Class Article

  • All Implemented Interfaces:
    java.io.Serializable

    public class Article
    extends java.lang.Object
    implements java.io.Serializable
    When a news article is downloaded from a URL, its contents are parsed, and the information-HTML is stored in this class.

    This class will store the results from downloading / scraping a news-article from a news-site. Instances of this class are produced by calls to the class ScrapeArticles. These results can be saved to a vector, or stored to the File-System for later use. Internally they can contain the original News-Site Article Web-page, and the paired down Article-Body Web-Page.
    See Also:
    Serialized Form


    • Field Detail

      • serialVersionUID

        🡇    
        protected static final long serialVersionUID
        This fulfils the SerialVersion UID requirement for all classes that implement Java's interface java.io.Serializable. Using the Serializable Implementation offered by java is very easy, and can make saving program state when debugging a lot easier. It can also be used in place of more complicated systems like "hibernate" to store data as well.
        See Also:
        Constant Field Values
        Code:
        Exact Field Declaration Expression:
        protected static final long serialVersionUID = 1;
        
      • wasErrorDownload

        🡅  🡇    
        public final boolean wasErrorDownload
        This should inform the user that an error occurred when downloading an article. If this field, after instantiation is TRUE, all other fields in this class should be thought of as "irrelevant."
        Code:
        Exact Field Declaration Expression:
        public final boolean                wasErrorDownload;
        
      • url

        🡅  🡇    
        public final java.net.URL url
        This is the article's URL from the news website.
        Code:
        Exact Field Declaration Expression:
        public final URL                    url;
        
      • titleElement

        🡅  🡇    
        public final java.lang.String titleElement
        This is the title that was scraped from the main page. The title is the content of the <TITLE>...</TITLE> element on the article HTML page.
        Code:
        Exact Field Declaration Expression:
        public final String                 titleElement;
        
      • originalPage

        🡅  🡇    
        public final java.util.Vector<HTMLNode> originalPage
        This is the original, and complete, HTML vectorized-page download. It contains the original, un-modified, article download.
        Code:
        Exact Field Declaration Expression:
        public final Vector<HTMLNode>       originalPage;
        
      • articleBody

        🡅  🡇    
        public final java.util.Vector<HTMLNode> articleBody
        This is the pared down article-body. It is what is retrieved from class ArticleGet
        Code:
        Exact Field Declaration Expression:
        public final Vector<HTMLNode>       articleBody;
        
      • imageURLs

        🡅  🡇    
        public final java.util.Vector<java.net.URL> imageURLs
        The image-URL's that were found in the news-article. The easiest way to think about this field is that the following instructions were called on the article-body after downloading the article:


         Vector<TagNode> imageNodes  = TagNodeGet.all(article, TC.OpeningTags, "img");
         Vector<URL>     imageURLs   = Links.resolveSRCs(imageNodes, articleURL);
         
         // The results of the above call are stored in this field / Vector<URL>.
        
        Code:
        Exact Field Declaration Expression:
        public final Vector<URL>            imageURLs;
        
      • imagePosArr

        🡅  🡇    
        public final int[] imagePosArr
        This list contains the "Image Positions" inside the vectorized-article for each image that was found inside the article. The easiest way to think about this field is that the following instructions were called on the article-body after downloading that article:


          int[] imagePosArr = TagNodeFind.all(page, TC.OpeningTags, "img");
        
        Code:
        Exact Field Declaration Expression:
        public final int[]                  imagePosArr;
        
      • originalPageStats

        🡅  🡇    
        public final PageStats originalPageStats
        This contains an instance of class PageStats that has been generated out of an original Newspaper Article Page.

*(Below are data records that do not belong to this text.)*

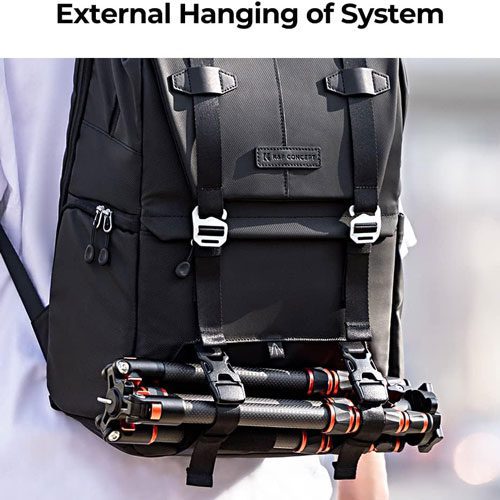 کوله پشتی دوربین کی اند اف K&F Urban Wander 01 Backpack Black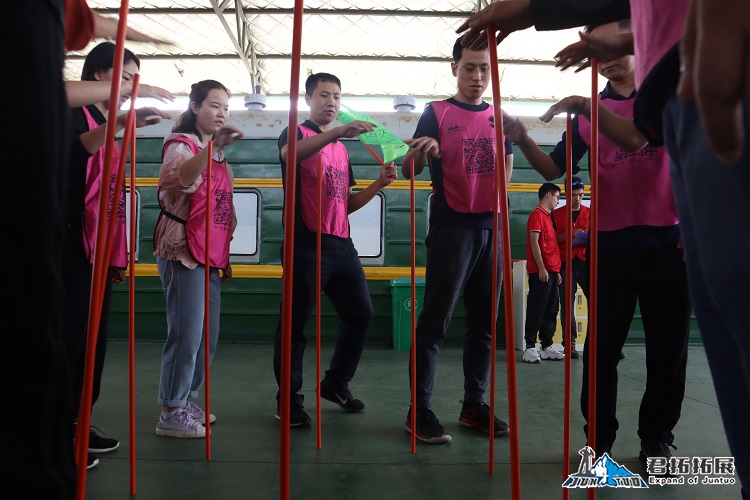 中国葛洲坝装备 紫薇团建拓展活动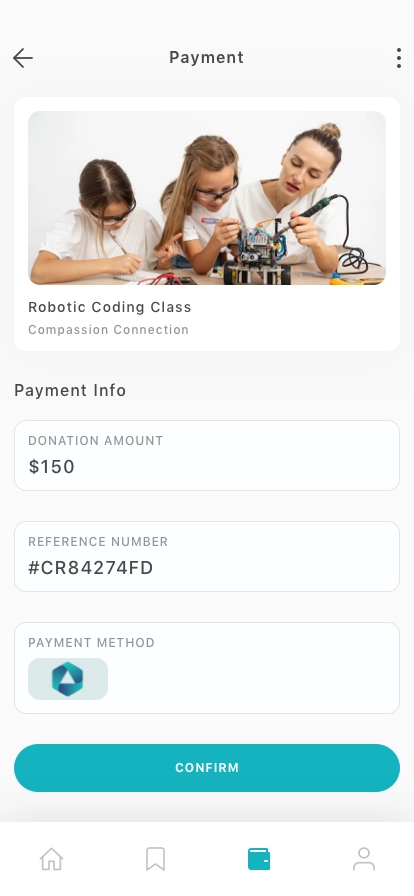 Crowdfunding Mobile App UI Kit - Screenshot 5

        Java Line of Code:
         this.originalPageStats = new PageStats(originalPage);
        
        Code:
        Exact Field Declaration Expression:
        public final PageStats              originalPageStats;
        
      • processedArticleStats

        🡅  🡇    
        public final PageStats processedArticleStats
        This contains an instance of class PageStats that has been generated from the post-processed Newspaper Article.

        Java Line of Code:
         this.processedArticleStats = new PageStats(articleBody);
        
        Code:
        Exact Field Declaration Expression:
        public final PageStats              processedArticleStats;
        
    • Constructor Detail

      • Article

        🡅    
        public Article​(java.net.URL url,
                       java.lang.String titleElement,
                       java.util.Vector<HTMLNode> originalPage,
                       java.util.Vector<HTMLNode> articleBody,
                       java.util.Vector<java.net.URL> imageURLs,
                       int[] imagePosArr)
        Builds an instance of this class.
        Parameters:
        url - The web-address from whence this news-article was downloaded / retrieved.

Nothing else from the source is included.